For a brief second

For a brief second that turned into a few hours, I missed my ex-boyfriend. Let’s get off to a good start, I prefer not to use labels, so let’s refer to him as BB. And now a bit of the story.

We’ve been broken up for quite a few months now, one can say six, one can say twelve. In any case, it has been somewhat of a while. We ended in good terms and no, this isn’t something that everyone says… least not in this case. BB and me went our own ways as we wanted different things. Yes, there was an odd case here and there of lack of communication and at the same time, it was me who initiated this break-up. Regardless of this, other in-depth relationship details and after-math we had to deal with, we parted ways in the best way possible.

Present day, I find myself in another relationship. Yup, I met another boy and sparks flew out of the blue. In every date we had, there was a connection right from the beginning, it was all exciting and filled with nights of endless stories. These sparks came out of nowhere for the both of us and we decided to give it a go. On top of what we can only describe as ‘met my destiny’, we have a healthy and honest relationship, we are there for each other and get to live our own adventures.

So, what’s the deal with missing BB for a brief second that turned into a few hours? Well, these emotions that came so suddenly reminded me of another spark that I had before. Even though I was in a new city with a new love, meaning there were no street corners to remind me of BB, there was no spots or pictures lying around. Be that as it may, there were feelings and emotions of that long-lost love. He hadn’t been a bad person at all, he didn’t cheat nor lie, he didn’t toy with my feelings or any of the sort. It’s just that our lives were not on the same page for long-term.

I spoke to my sister about this and she told me right away “ It is okay to miss somehow you once loved. You lived and loved. Now, think of the person you are with and how you walk together. Remember to walk side by side, not two steps ahead or behind, you can’t spend more time in your life chasing after someone and waiting for someone to catch up.”

And she was absolutely right.

Because after a few years walking with BB, close to end, we ended walking to a different rhythm. I felt out of reach and ready to fly. And by all means, that didn’t mean I was ready to break up right away nor that it was easy for me. It crushed me. Bad. This guided me to spend far too many nights crying and only being sad. And as music is my passion, it also led me to listen to “ Unbreak my heart”, “I will always love you” and every other heartbreak song known to man, time and time again.

I was the one who took control of the situation and thought to myself by taking the next step and changing it up, I would not miss him as much. Since I put a lot of thought of whether he was the right man for me or not, I thought about it so many times, I spoke about it day in and day out. There were times when I even threw myself back into the relationship. So the fact that I missed him so much was a sign of weakness. Not only because I thought I was making the wrong decision but because I was self-doubting my decision.

It was my biggest weakness because since he did not hurt me in any way, it felt wrong to break up and to then even miss him that much afterwards. All the courage I mustered up when I walked away had gone.

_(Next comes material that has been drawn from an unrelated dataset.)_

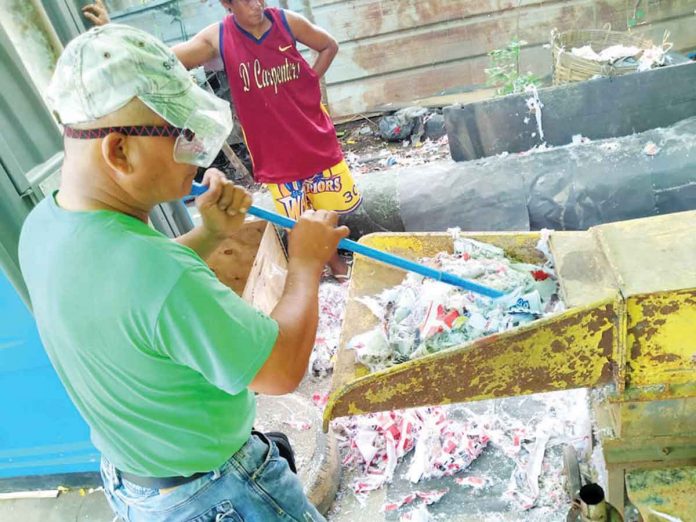 front-pic1 Torn campaign posters gathered across Iloilo City are being fed and re-fed to this shredder machine in Barangay Calajunan, Mandurriao district – where the city’s sanitary landfill is located – to come up with finely-textured shredded materials for recycling as alternative fuel for a cement factory. PHOTO BY ENGR. NEIL RAVENA/CENRO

Because at the end of the day, how can I miss someone who I chose not to have in my life anymore?

Going back to what my sister said:

Missing someone is not a sign of weakness, it is a sign of being a normal human being.

After all, we miss friends that move away… Heck, I always move around and I miss the friends I leave behind. Crying for them, as well. It’s a clear sign that we love them. That feeling of missing someone is as meaningful as loving someone.

On that count, this is why that brief second turned into hours. BB shows up from time to time in my thoughts and an occasional text message. Sincerely, in my new relationship, I believed that I was going to feel another punch-in-the-gut feeling, another kick-in-the-heart kind of emotion, at any given time. After the few first times, another one never came. As I realized that it was okay to miss BB, I also realized that once we past the hurt, it is possible to find love within that relationship once again. Of course, in a different way. We need time to heal and give ourselves time to do so and at that point, remember everything is good under a different light.

After all that being said and done, that street corner or any other memory that might have BB’s name all over it, isn’t painful nor full of doubt anymore. It is now a memory of two people who were truly in love with each other and gave each other their best.

Let the new adventures roll and make new memories.